PROVIDED ENTRIES
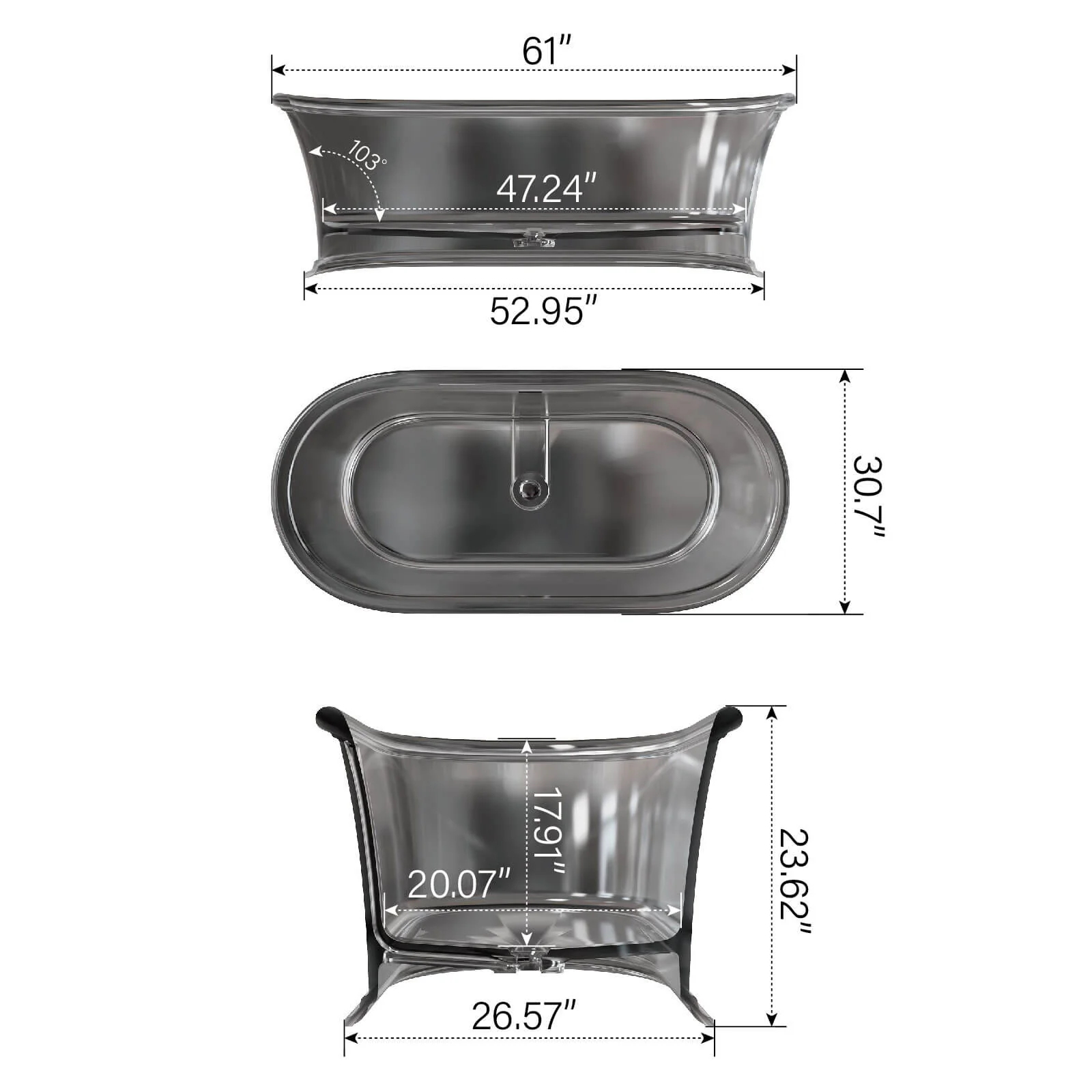 61" Transparent Resin Deep Soaking Bathtub - Customizable Colors - Image 8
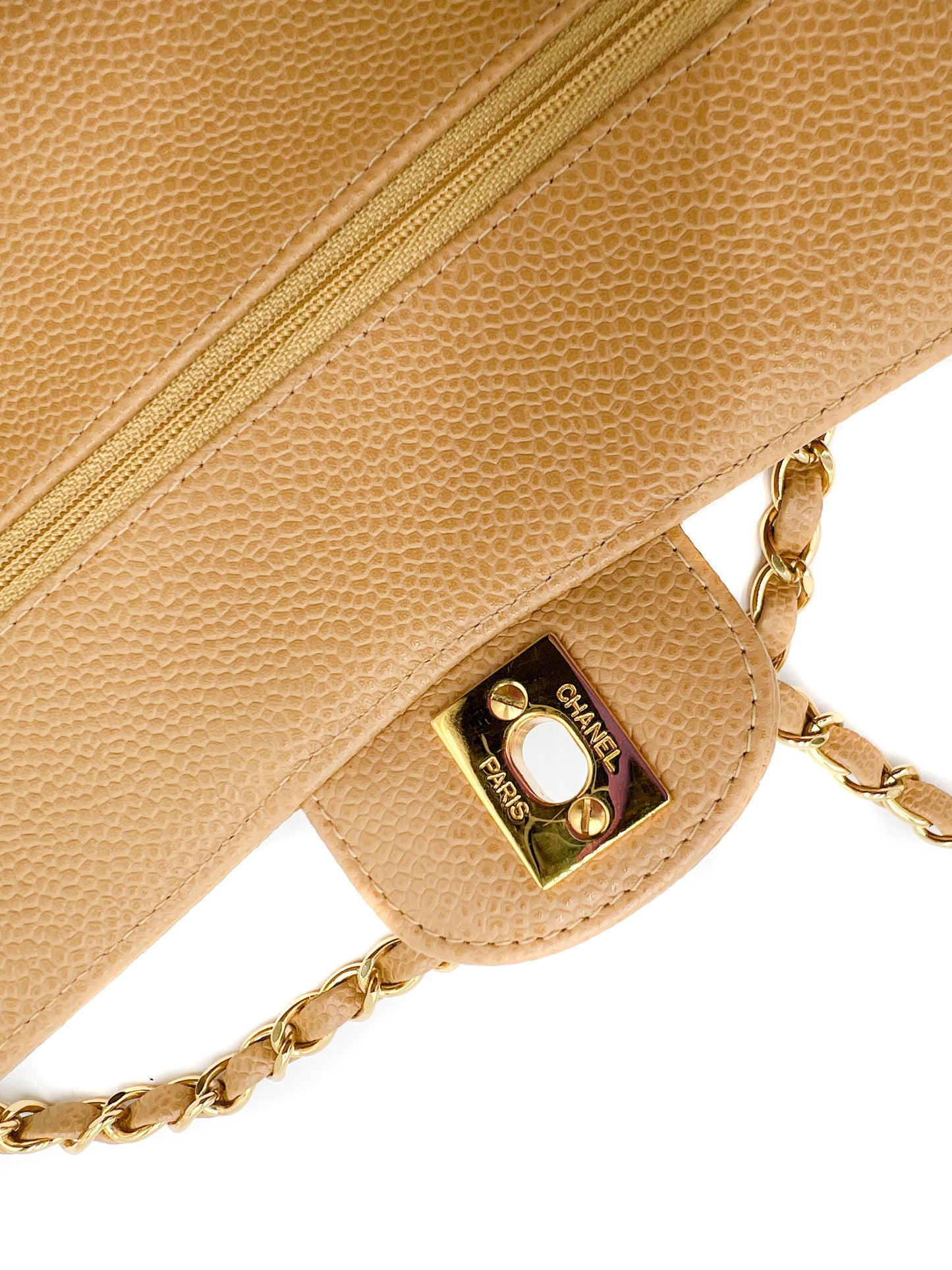 Chanel Beige Quilted Caviar Small Classic Double Flap Gold Hardware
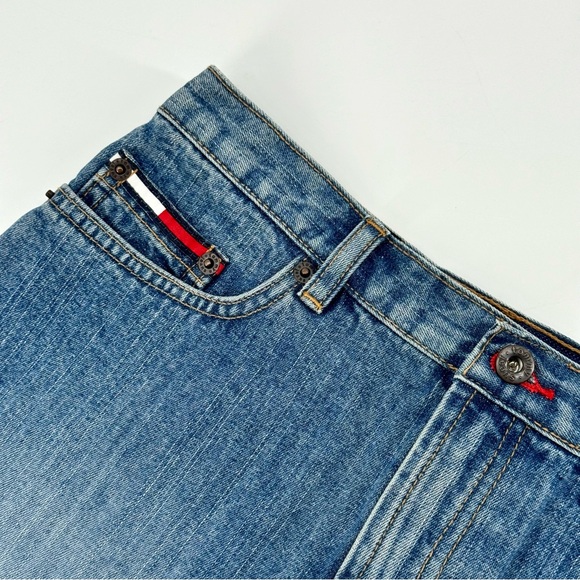 Vintage Y2K Tommy Hilfiger Front Slit Medium Wash Denim Mini Skirt - Picture 6 of 10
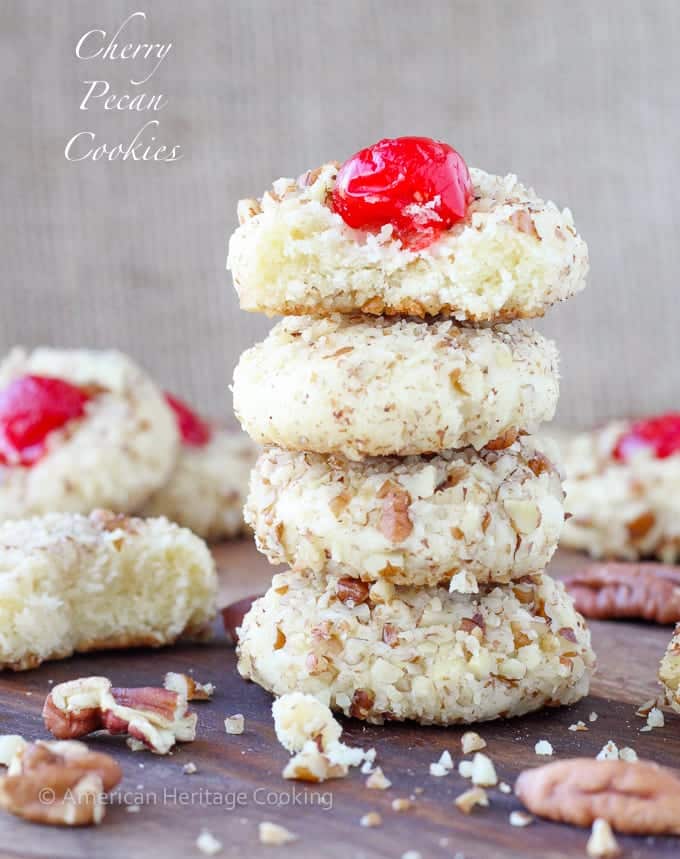 These easy Cherry Pecan Cookies are soft, chewy and nutty. A cream cheese sugar cookie is generously flavored with almond extract and rolled in pecans! My favorite Christmas Cookie recipe of all time! 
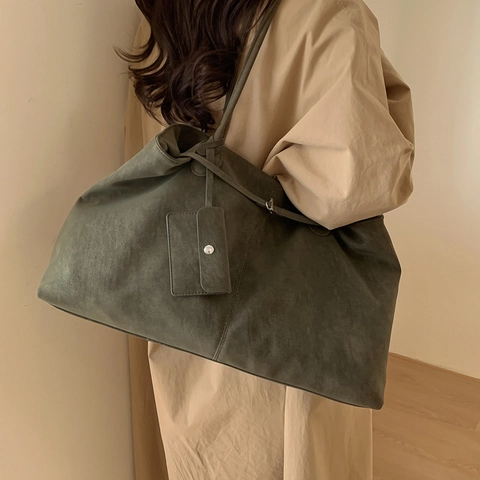 Borsa Tote da Donna Retro Minimalista di Grande Capacità Borsa a Tracolla in Pelle PU Con Mini Pochette Regalo Pendolare Quotidiano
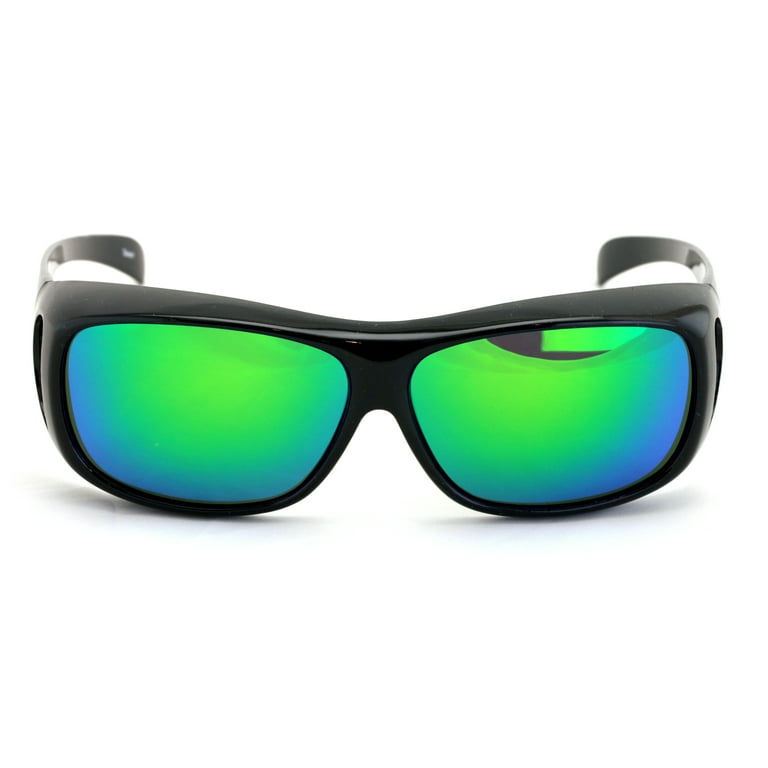 Polarized Fit Over Glasses Sunglasses Rectangular Frame 63MM Black
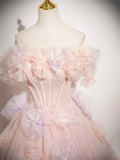A-Line Off Shoulder Tulle Long Prom Dress, Lovely Evening Sweet 16 Dress HZ1024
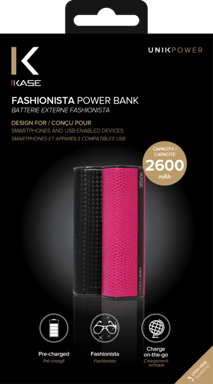Batteria esterna Fashionista, 2600 mAh, nero grafite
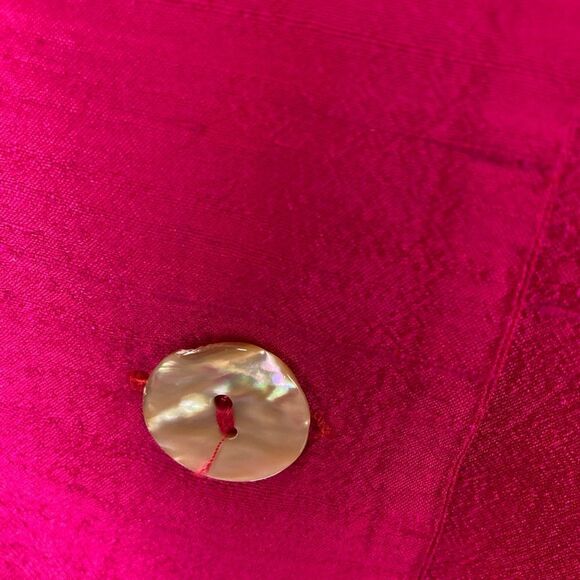 Italian pure silk 3/4 sleeve elegant boxy jacket w/pockets, shell buttons - Picture 5 of 13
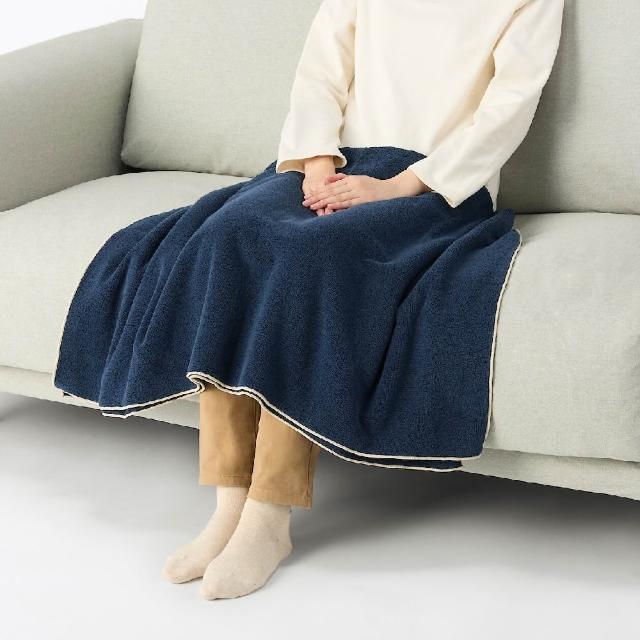【MUJI 無印良品】可吊掛棉圈絨毯/半形/成品尺寸:W140×L100 cm(灰色/綠色/深藍)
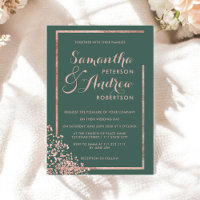 Modern rose gold frame green confetti wedding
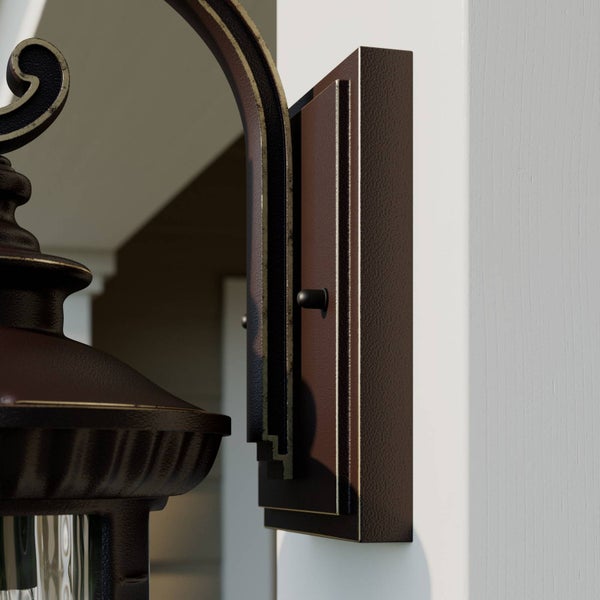 Lindby Wandleuchte außen (Laterne) Barret (Retro, Vintage Antik) in Braun aus Aluminium (1 flammig E27) - Außenwandleuchten Wandlampe Led Außenlampe Outdoor für Außenwand/Hauswand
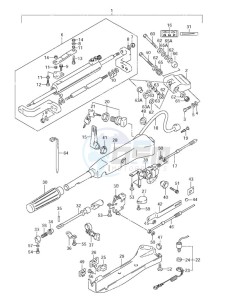 DF 90 drawing Tiller Handle (2001 to 2003)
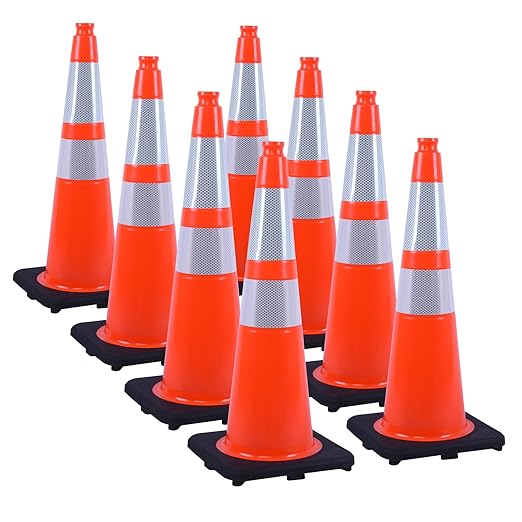 8 Pack 28 Inch Orange PVC Traffic Cones Black Base Stable Flexible, Road Safety by OranclUS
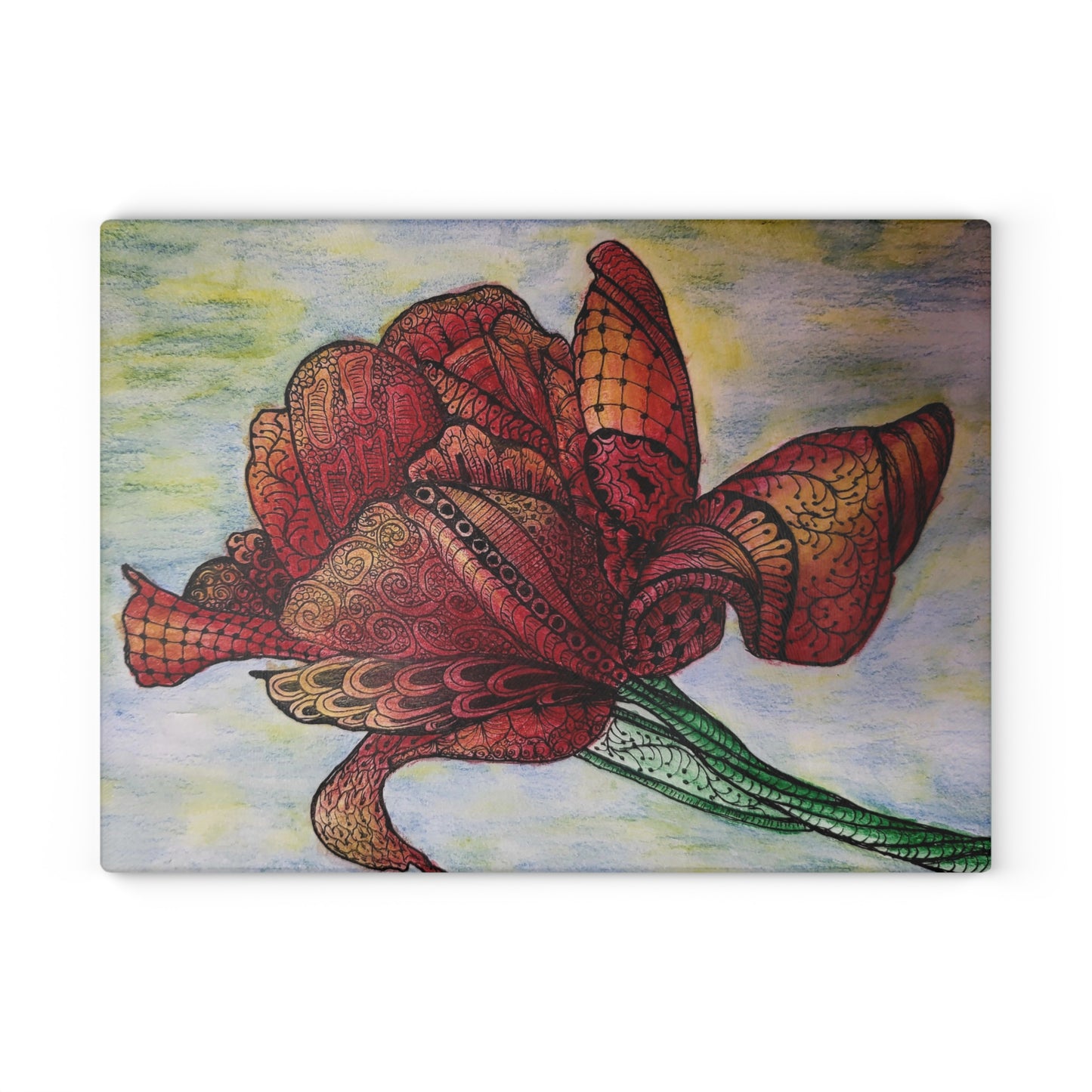 Artistic Floral Glass Cutting Board - Zen Floral Harmony - Elegant Kitchen Decor for Cooking & Serving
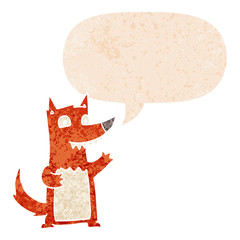 cartoon wolf and speech bubble in retro textured style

TO DO
Every line from the one containing "DF 90 drawing Tiller Handle (2001 to 2003)" through the last line of the listing must be written out again exactly, and no other line. Leave the pictures aside.

EXPECTED ANSWER
 DF 90 drawing Tiller Handle (2001 to 2003)
 8 Pack 28 Inch Orange PVC Traffic Cones Black Base Stable Flexible, Road Safety by OranclUS
 Artistic Floral Glass Cutting Board - Zen Floral Harmony - Elegant Kitchen Decor for Cooking & Serving
 cartoon wolf and speech bubble in retro textured style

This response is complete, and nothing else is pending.